The cost structure is such that companies entering will bear very little fixed cost; the centre is built on a ‘no profit – no cost’ philosophy, if the companies do not make money, neither does the state of Qatar. Nominal ‘above the line’ tenancy rents and fees are offered; in this way the centre is incentivised to ensure business is placed through the QFC and that incumbent businesses and banks make a profit.

One fundamentally different aspect of the QFC is taxation. As a clear incentive, the centre offers a three-year tax holiday to entrants, after which the corporate tax rate will be a highly competitive 10%. While this is well below the local corporate tax rates, officials are not concerned as the QFC’s focus is on new business. For example, an international bank that has an existing retail business and is contemplating entry will be able to operate in both the centre and the domestic market.
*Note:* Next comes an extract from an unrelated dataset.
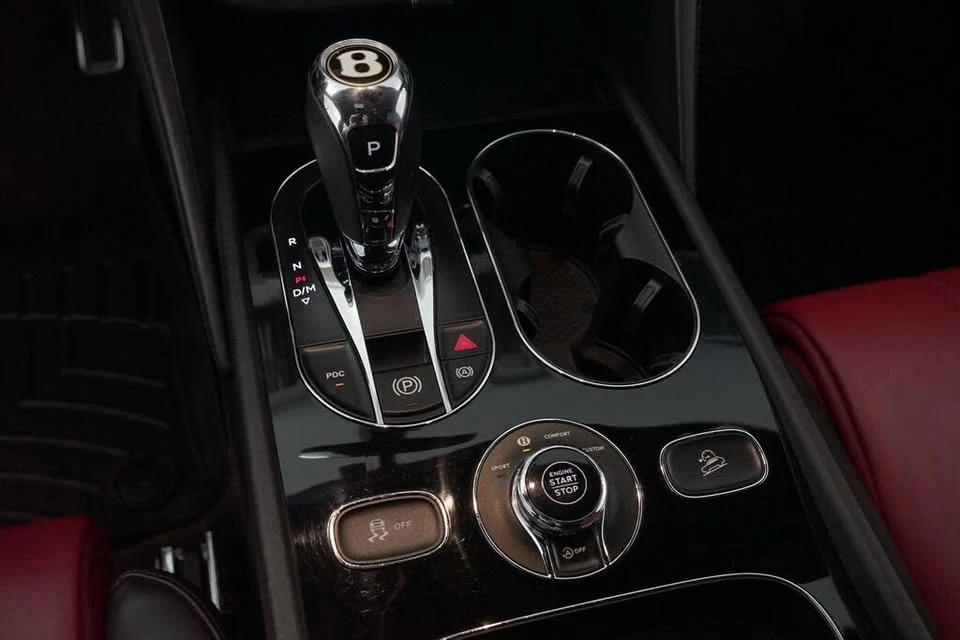 2020 Bentley Bentayga - Image 16 of 20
The retail banking business will remain subject to the regulation of the Qatar Central Bank and domestic legislation, while the QFC will be responsible for particular activities held there.

The QFC consists of two primary bodies, as shown in Figure 1. First there is the Qatar Financial Centre Authority (QFCA), whose role is to develop the centre and its commercial strategy. As the administrative and legislative body for the centre, it will report directly to the Council of Ministers or cabinet. Second, there is a fully independent regulator, the Qatar Financial Centre Regulatory Authority (QFCRA), to which Philip Thorpe was recently appointed chairman and chief executive. The regulator will be responsible for creating regulation, accepting applications and monitoring business conduct, and will also report to the Council of Ministers. An arbitration body will be formed to adjudicate on appeals.

Independent regulator

The regulator will be an independent body, with powers to authorise, supervise and investigate regulated firms, operating to the highest international standards. Last year’s regulatory fiasco in Dubai, which led to Mr Thorpe’s sacking, has highlighted the importance of regulatory independence in the Gulf. And his appointment as head of the QFCRA (see interview) further emphasises the critical role of the independent regulator in ensuring the integrity and success of financial centres in the region.

With Mr Thorpe in post, the head of the QFCA to be announced soon and applications opening on May 1, the timetable for development of the new centre is proceeding rapidly. In August, the QFC building in Doha’s prestigious West Bay is expected to be ready for occupation, regulatory recruitment should be completed and the first businesses are due to be operational.

While many banks and multinational firms are keen to examine the details, only one institution has confirmed to The Banker its intention to apply for entry to the QFC. Richard Spilg, group chief executive of London-based private bank Ansbacher & Co, says it intends to apply for a licence in May to support its wealth management initiative. Bought last year by Qatar National Bank, Ansbacher, which has a 110-year history in the City of London, is extremely active in private banking, including the niche area of super-yacht finance. Showing its clear focus on the region, Ansbacher is already located in Dubai, where last December it was the fifth institution to obtain a licence from the Dubai International Financial Centre.

Massive project spend

The QFC, based on high regulatory standards, low cost and minimal bureaucracy, is fast becoming a reality. And the question of whether another financial centre is needed in the region is quickly being answered. Besides becoming one of the wealthiest countries in the world in terms of per capita income in the years ahead, Qatar is expecting to see more than $110bn spent on projects in the next five years.

The wealth flowing into the economy, the project finance needs and related personal needs call for high-quality financial services. Hence establishing a ‘best in class’ regulatory and business environment seems essential if Qatar is to make the most out of its resources and ambitions. When its unique wealth and financial needs are assessed, it makes sense to develop an international standard financial centre at home, rather than allow other financial centres to reap the rewards.